Wireshark-dev: Re: [Wireshark-dev] Help using BPF filters with libpcap

From: Guy Harris <guy@xxxxxxxxxxxx>
Date: Thu, 16 Apr 2009 16:46:24 -0700

On Apr 16, 2009, at 2:04 PM, caleb@xxxxxxxxxxx wrote:

I have been working on a program that will report when a HTTP text/ plain
packet is sent over the network.

What do you mean by "a HTTP text/plain packet"?

I am using libpcap 1.0 in this C++
program, using the function pcap_compile() as follows:

pcap_compile(interface, &filter, "src port 80 && tcp[32:4] =0x666F7220", 1,
mask)

As you can see, after the regular TCP headers, I look for the ASCII value
"for "

To be precise, you're looking for the ASCII value "for " at an offset that, for TCP segments with no TCP options, is 12 bytes past the end of the TCP headers.
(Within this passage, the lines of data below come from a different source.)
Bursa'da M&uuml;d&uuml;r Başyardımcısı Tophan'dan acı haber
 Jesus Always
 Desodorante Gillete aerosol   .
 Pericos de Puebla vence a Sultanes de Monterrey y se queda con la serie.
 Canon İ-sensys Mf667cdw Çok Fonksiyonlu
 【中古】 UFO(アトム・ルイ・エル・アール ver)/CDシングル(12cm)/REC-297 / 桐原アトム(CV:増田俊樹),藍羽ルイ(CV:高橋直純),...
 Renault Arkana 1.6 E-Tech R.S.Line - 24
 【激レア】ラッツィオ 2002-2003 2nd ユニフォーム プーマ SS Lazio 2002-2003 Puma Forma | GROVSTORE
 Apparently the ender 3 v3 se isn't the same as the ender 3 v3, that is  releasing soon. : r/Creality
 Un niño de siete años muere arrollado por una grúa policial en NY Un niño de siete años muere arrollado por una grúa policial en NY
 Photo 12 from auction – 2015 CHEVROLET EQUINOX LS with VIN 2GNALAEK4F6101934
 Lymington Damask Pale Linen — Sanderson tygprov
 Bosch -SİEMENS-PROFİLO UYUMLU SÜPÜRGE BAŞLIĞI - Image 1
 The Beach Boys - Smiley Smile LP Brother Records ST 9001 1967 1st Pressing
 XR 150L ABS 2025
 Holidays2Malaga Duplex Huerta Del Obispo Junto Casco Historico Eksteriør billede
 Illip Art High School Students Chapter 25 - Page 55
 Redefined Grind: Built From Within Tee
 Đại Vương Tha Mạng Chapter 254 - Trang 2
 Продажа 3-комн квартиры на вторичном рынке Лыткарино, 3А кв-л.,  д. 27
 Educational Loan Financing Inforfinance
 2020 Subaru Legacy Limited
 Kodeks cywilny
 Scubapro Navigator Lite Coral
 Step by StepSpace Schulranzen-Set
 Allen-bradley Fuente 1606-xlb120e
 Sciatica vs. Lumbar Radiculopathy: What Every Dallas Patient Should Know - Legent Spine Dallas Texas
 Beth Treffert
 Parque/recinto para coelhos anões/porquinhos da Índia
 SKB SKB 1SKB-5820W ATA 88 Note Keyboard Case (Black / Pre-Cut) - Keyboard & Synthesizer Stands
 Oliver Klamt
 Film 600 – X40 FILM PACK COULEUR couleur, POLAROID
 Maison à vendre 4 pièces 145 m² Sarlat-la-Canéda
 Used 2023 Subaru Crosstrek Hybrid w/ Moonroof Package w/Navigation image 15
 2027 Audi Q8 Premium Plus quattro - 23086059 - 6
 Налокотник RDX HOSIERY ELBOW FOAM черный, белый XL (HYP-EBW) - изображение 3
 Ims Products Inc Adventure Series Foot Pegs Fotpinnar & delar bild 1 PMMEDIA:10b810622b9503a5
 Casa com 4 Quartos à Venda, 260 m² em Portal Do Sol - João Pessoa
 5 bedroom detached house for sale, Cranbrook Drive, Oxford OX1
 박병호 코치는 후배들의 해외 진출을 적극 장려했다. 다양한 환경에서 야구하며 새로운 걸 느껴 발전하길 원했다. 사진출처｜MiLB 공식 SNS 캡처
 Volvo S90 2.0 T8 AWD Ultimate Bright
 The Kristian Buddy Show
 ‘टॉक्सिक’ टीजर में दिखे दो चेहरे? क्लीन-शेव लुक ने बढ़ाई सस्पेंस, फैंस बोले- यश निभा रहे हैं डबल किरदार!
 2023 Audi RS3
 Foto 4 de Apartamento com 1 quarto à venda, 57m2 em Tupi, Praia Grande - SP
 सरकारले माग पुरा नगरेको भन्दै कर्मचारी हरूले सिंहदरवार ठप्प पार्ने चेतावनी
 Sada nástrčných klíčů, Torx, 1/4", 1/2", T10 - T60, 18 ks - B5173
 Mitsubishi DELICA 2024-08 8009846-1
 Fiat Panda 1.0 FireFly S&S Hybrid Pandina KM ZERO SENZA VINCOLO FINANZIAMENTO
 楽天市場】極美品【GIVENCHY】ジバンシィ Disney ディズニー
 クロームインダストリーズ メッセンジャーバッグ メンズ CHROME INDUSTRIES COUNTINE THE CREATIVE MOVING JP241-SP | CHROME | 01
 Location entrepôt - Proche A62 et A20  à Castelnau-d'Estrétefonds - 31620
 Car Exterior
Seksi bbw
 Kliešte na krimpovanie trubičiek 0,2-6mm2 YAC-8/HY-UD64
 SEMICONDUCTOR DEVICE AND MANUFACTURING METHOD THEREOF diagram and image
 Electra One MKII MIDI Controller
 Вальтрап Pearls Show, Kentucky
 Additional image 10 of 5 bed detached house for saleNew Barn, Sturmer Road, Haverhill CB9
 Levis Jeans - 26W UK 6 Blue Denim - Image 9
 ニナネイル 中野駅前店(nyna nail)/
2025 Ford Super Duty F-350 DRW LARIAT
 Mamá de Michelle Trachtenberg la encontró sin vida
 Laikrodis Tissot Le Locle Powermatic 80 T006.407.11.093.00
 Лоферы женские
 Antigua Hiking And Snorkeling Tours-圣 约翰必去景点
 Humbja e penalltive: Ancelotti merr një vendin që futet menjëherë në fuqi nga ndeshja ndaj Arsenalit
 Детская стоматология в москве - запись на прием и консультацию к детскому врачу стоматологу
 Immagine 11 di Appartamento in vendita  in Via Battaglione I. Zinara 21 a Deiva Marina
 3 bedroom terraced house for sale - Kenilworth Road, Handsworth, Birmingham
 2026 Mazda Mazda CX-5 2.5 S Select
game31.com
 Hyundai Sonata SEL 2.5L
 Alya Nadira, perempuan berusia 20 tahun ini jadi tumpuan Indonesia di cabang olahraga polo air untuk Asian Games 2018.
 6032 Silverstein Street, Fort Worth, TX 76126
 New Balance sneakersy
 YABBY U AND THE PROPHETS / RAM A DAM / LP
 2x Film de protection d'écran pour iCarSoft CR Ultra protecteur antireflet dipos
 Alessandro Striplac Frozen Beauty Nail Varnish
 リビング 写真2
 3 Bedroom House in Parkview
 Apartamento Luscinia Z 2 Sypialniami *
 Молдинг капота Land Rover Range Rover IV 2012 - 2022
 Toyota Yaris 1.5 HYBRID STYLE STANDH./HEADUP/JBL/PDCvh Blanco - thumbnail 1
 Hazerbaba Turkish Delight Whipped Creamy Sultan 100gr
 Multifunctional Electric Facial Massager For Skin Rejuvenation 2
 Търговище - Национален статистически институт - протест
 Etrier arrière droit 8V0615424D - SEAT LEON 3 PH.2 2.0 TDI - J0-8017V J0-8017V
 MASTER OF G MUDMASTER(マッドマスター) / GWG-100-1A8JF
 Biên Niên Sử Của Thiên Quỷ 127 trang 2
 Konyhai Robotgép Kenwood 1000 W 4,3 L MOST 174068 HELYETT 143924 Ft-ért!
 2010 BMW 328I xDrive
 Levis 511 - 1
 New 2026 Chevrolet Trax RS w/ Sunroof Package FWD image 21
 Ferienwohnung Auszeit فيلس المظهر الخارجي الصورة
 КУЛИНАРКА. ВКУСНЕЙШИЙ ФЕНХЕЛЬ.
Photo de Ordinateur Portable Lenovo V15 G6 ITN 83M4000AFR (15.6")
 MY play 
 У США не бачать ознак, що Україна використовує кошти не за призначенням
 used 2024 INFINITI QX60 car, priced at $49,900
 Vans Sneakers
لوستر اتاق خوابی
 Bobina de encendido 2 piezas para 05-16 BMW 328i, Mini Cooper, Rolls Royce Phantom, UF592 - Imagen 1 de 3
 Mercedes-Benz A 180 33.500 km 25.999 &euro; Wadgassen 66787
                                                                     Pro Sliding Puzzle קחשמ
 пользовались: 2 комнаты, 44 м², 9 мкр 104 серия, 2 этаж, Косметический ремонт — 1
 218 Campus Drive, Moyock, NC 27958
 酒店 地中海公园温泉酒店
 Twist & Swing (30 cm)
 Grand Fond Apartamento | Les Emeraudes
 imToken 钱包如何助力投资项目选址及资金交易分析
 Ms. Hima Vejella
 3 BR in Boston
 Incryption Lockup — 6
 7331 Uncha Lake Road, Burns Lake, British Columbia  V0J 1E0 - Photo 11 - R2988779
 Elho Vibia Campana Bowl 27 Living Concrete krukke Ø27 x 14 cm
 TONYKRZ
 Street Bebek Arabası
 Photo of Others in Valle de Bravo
which has worked perfectly on my Linux box.  However, when I compile
on OS X, no packets are found. I used Wireshark to look at the packets on my MacBook, and sure enough, they should pass through the filter, but they
don't.

To see if I was really wrong, I ran tcpdump with the exact same filter

tcpdump -i en1 "src port 80 && tcp[32:4] = 0x666F7220"

This gave me results...so the filter is correct.

In other words, if you capture with Wireshark on en1 with the filter

	src port 80 && tcp[32:4] = 0x666F7220

you see no traffic, but if you capture with tcpdump on en1 with the same filter, you don't?

Or did you just look at some other capture file with Wireshark?